PROBLEM STATEMENT:
Apart from the pictures, everything in the lines below must be printed exactly.

DATASET SECTION:
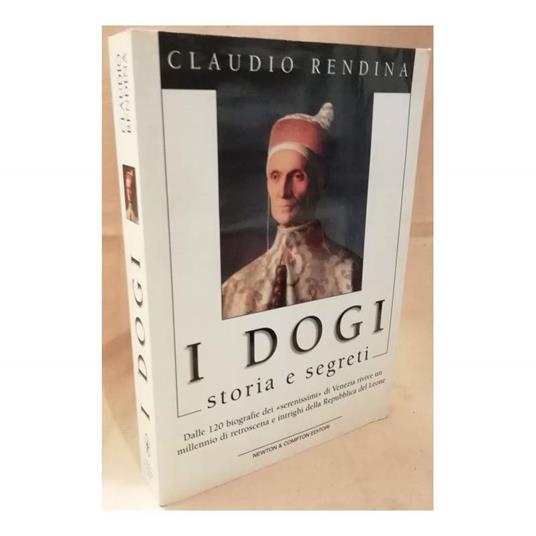 I Dogi Storia e Segreti - Claudio Rendina - copertina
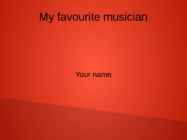 My favourite musician-Tyga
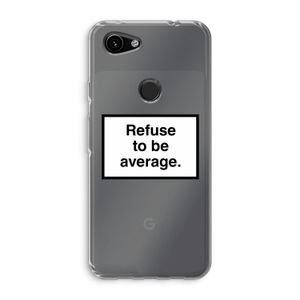 Refuse to be average: Google Pixel 3a Transparant Hoesje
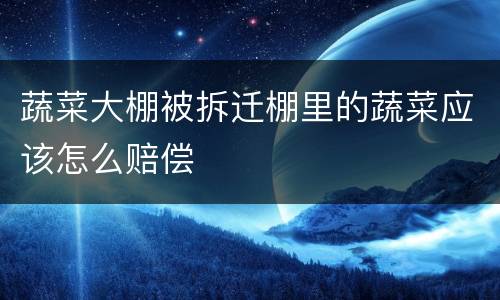 蔬菜大棚被拆迁棚里的蔬菜应该怎么赔偿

RESULT OF THE TASK:
 I Dogi Storia e Segreti - Claudio Rendina - copertina
 My favourite musician-Tyga
 Refuse to be average: Google Pixel 3a Transparant Hoesje
 蔬菜大棚被拆迁棚里的蔬菜应该怎么赔偿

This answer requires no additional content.